China: A Country that Doesn’t Reflect the Will of Its People
The American Embassy in China was the first to warn of the Chinese PM2.5 threat to the environment. Since 2009, it has publicized China’s PM2.5 air pollution level on Twitter, but the Chinese government denied it saying that a particular foreign embassy publicized China’s air pollution levels without permission, and doing so over the internet goes against the agreements of the Vienna Convention on Diplomatic Relations. China had continued to declare it as an act of ‘interference in the domestic affairs of other countries’, but not a while ago, the Chinese government proposed countermeasures to this pollution problem.
Detailed countermeasures first emerged in September 2013 as the “Action Plan on Prevention and Control of Air Pollution”. Beijing only began to move in October 2013 with its “Air Pollution Prevention Plan”, highlighting how slow it was with its countermeasure strategies.
According to the Japanese couple first mentioned, the number of Beijing Japanese school children dropped from 600 students in 2013 to 500 students in 2014, and by September of this year, it had dropped by 200 to 398 students. Compared to its zenith in 2007-8 when there where 688 students, it has now decreased by 40%.
The couple said that this was probably due not only to the anti-Japan movements in 2012, and the subsequent anti-Japan advertising, but more due to families moving away with parents thinking about their children’s health. They also said that, seeing the lack of effort in the Chinese government, Beijing’s air pollution is not a ‘natural disaster’, but a ‘man-made disaster’.
There are many examples of anti-pollution measures in other countries around the world. In England 1952, over 10 thousand people died due to the Great Smog. The overuse of coal caused the deaths, and since 1954, many air pollution control laws have been enforced. In Japan during its high economic growth periods, many people were diagnosed with diseases caused by air pollution such as Yokkaichi asthma, itai-itai disease, and Minamata disease, and the government responded through issuing related bills, consequently reducing damages.
In the case of China, it did not respond to the 2009 warning issued by the American Embassy on PM2.5. Unlike Western bloc nations, China’s leaders do not need elections, and thus they have no need to consider the will of the people. The air pollution issue is a reflection of the evils inherent in the absolute autocracy that the Communist Party of China has established.
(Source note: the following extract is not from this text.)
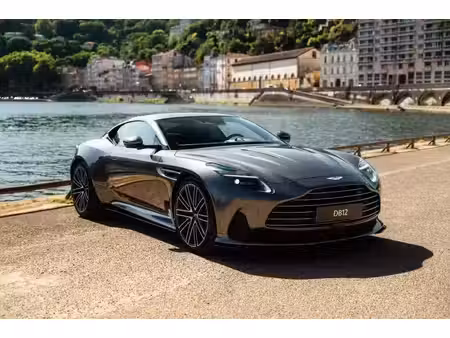 Aston Martin DB12 V8 4.0 680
If the Communist Party of China continues to disregard its people, Xi Jinping’s administration will indubitably see its downfall sooner or later.
Points in Focus:
- 4,300 people die each day due to the air pollution in China
- Air pollution has been affecting the weather in Beijing, causing an abnormal cold wave resulting in snow.
- China has no elections, and therefore the government does not reflect the will of its people. Consequently, urgent matters remain unresolved.